HOW TO COMPLETE THIS TASK — In the material below, find the line containing "Navigation buttons are" and the line containing "That's it for", then reproduce exactly both of them and every line between, and nothing else.

TASK MATERIAL —
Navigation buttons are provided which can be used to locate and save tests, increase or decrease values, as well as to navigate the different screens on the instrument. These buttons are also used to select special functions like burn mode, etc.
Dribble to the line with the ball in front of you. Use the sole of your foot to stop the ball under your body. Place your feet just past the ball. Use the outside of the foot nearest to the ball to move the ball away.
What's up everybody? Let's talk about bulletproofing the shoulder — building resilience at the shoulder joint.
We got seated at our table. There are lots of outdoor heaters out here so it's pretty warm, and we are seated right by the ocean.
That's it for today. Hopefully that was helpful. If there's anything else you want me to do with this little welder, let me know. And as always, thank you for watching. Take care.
* * *
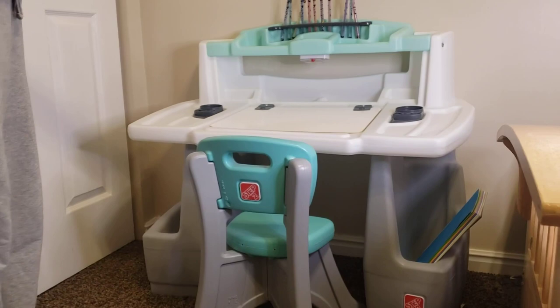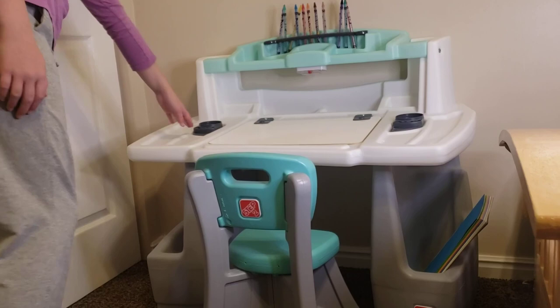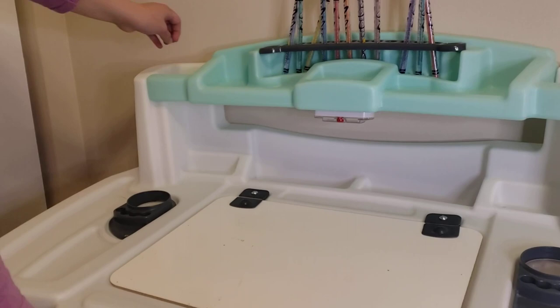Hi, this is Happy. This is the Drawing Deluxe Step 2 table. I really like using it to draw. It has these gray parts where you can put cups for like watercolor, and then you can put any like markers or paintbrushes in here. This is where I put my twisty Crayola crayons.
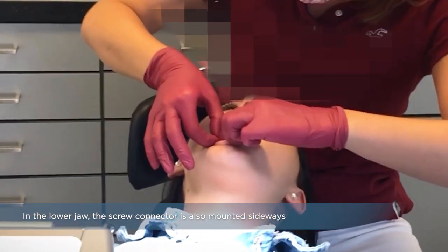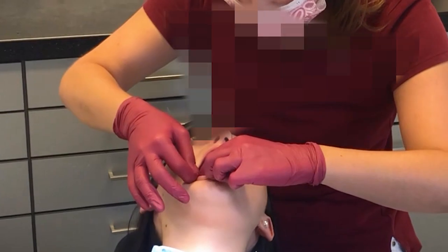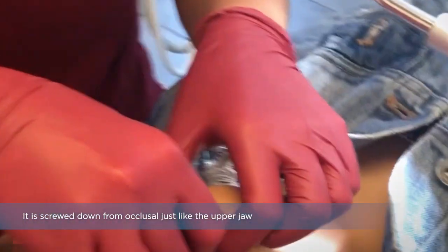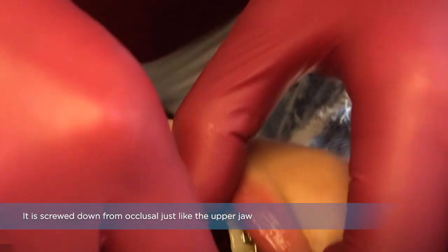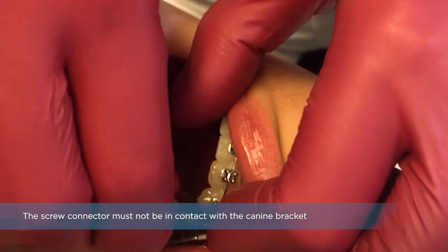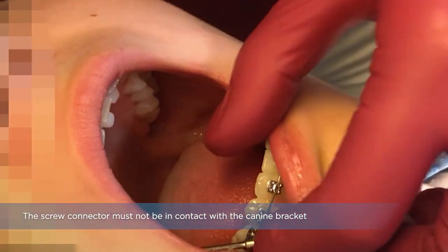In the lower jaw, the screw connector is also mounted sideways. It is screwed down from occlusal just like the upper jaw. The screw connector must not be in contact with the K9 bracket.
* * *
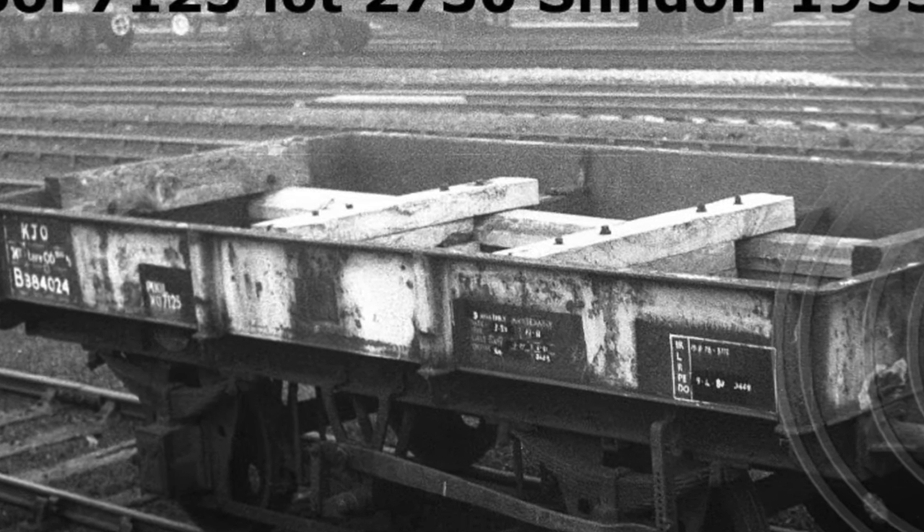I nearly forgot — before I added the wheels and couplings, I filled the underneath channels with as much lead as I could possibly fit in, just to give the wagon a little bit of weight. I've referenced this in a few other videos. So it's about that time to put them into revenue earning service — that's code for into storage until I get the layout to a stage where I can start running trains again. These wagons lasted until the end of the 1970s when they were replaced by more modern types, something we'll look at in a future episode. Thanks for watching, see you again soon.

ANSWER TO THE EXERCISE —
Navigation buttons are provided which can be used to locate and save tests, increase or decrease values, as well as to navigate the different screens on the instrument. These buttons are also used to select special functions like burn mode, etc.
Dribble to the line with the ball in front of you. Use the sole of your foot to stop the ball under your body. Place your feet just past the ball. Use the outside of the foot nearest to the ball to move the ball away.
What's up everybody? Let's talk about bulletproofing the shoulder — building resilience at the shoulder joint.
We got seated at our table. There are lots of outdoor heaters out here so it's pretty warm, and we are seated right by the ocean.
That's it for today. Hopefully that was helpful. If there's anything else you want me to do with this little welder, let me know. And as always, thank you for watching. Take care.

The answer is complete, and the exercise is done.